O aborto está longe de ser incomum, mas persiste como uma experiência reprodutiva mal interpretada e mal compreendida. É inegavelmente feminina e geralmente acontece em uma arena médica e cultural que há muito tempo minimiza – ou ignora – a dor e o sofrimento feminino, especialmente as próprias descrições de ambas as mulheres. Mas isso também acontece com os homens e com outros membros da família que foram investidos em uma gravidez que foi cortada muito curta.

Fiona tinha ficado grávida por menos de duas semanas antes de câimbras e sangramentos a mandarem para o seu médico para aconselhamento. Na verdade, como ela me disse em termos específicos quando nos conhecemos, ela ficou grávida por 12 dias, 8 horas: tempo suficiente para Fiona e seu parceiro correrem loucos com seus sonhos de longa data para se tornarem pais. Eles tentaram conceber a melhor parte de um ano, com cada mês de sangramento tornando-se, ao longo do tempo, um mini-luto em si. A pitada de esperança combinada cada vez que o período de Fiona chegava tinha crescido cada vez mais saturado de desesperança.

Fiona ainda se lembrava da empolgação que ela e seu parceiro sentiam quando o teste de gravidez dava positivo – “Atingimos o ouro!” Eles nem precisavam pensar em pensamentos novos sobre o bebê, já que esses pensamentos haviam sido formados, tocados e depois expostos várias vezes por semanas e meses.
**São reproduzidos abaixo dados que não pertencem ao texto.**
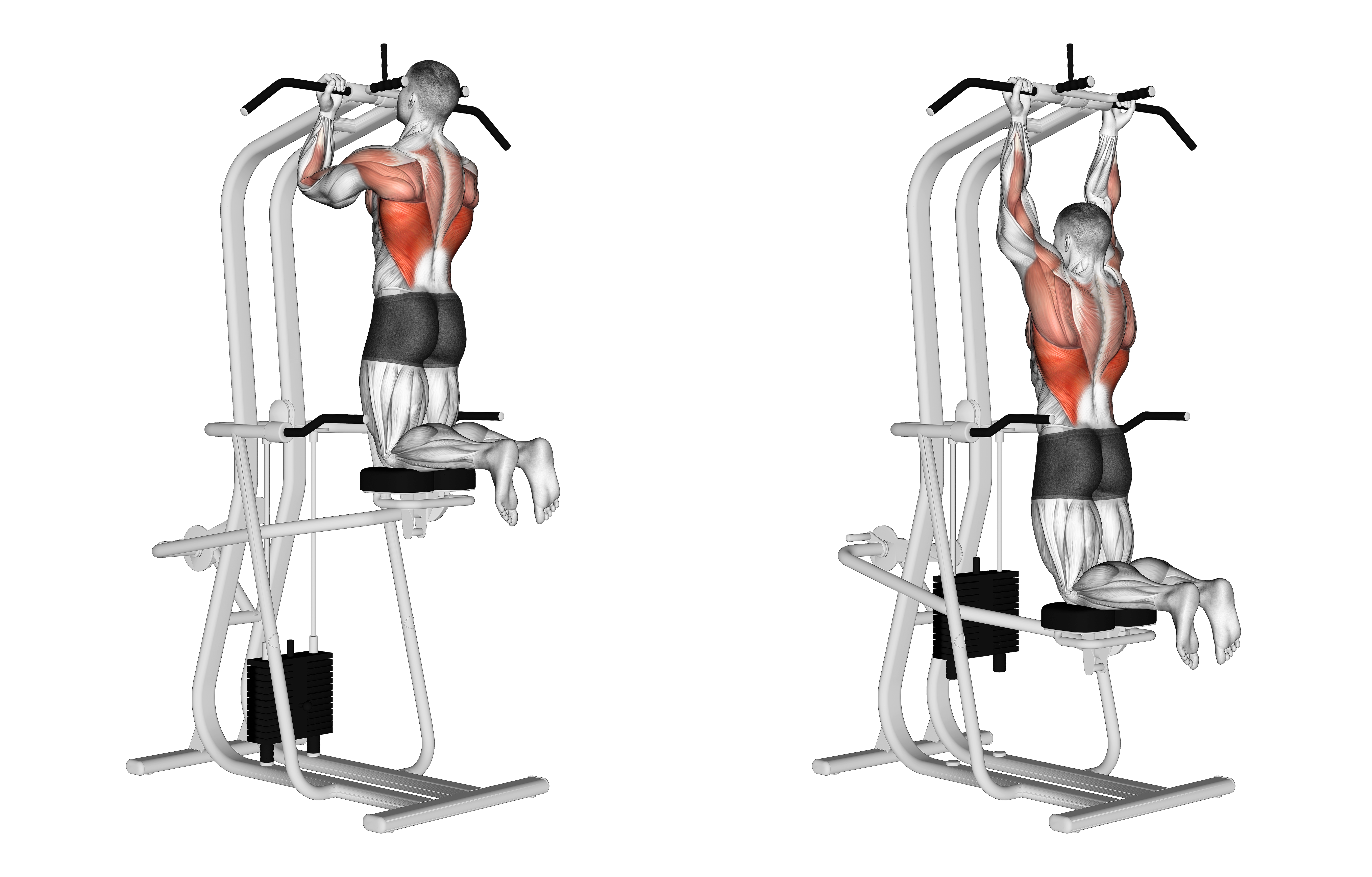 Lever Assisted Chin Up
Eles sabiam o que poderiam chamar de bebê se fosse uma menina, que agente imobiliário ligariam para colocar sua casa no mercado e até mesmo em que escola primária eles gostariam de morar perto. Durante a breve gravidez de Fiona, eles até começaram a poupar dinheiro para um buggy e discutiram ter uma doula para o parto. Sua futura família estava se desdobrando em detalhes sutis, infundidos com o amor dos pais.
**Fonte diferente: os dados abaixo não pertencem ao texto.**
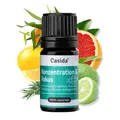Produktbild: Casida® Konzentration & Fokus Duftmischung ätherische Öle mit Grapefruitöl, Rosmarinöl, Eykalyptusöl, Zitronenöl, Bergamottenöl - für eine bessere Konzentration - 5 ml - Aus der Apotheke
O aborto precoce de Fiona foi cedo, e se juntou à estimativa de uma em cada quatro gestações que terminam assim. No Reino Unido, o aborto espontâneo é definido como a perda da gravidez até a 24ª semana (nos EUA e na Austrália, isto é, 4 semanas depois), embora isso ocorra mais comumente antes de 12 semanas. Mas, como prova o meu trabalho com Fiona, na minha experiência de trabalhar com mulheres após a perda da gravidez, não há correlação direta entre a gestação do bebê e a profundidade do luto que pode ser desencadeada.

Fiona veio me ver porque sua dor era real, mas muito poucas pessoas podiam admitir isso sem uma pessoa que pudessem localizar mentalmente, que respirasse na terra e morresse. Mas o “filho em mente” de Fiona era real para nós dois e é exatamente isso que precisamos tomar cuidado.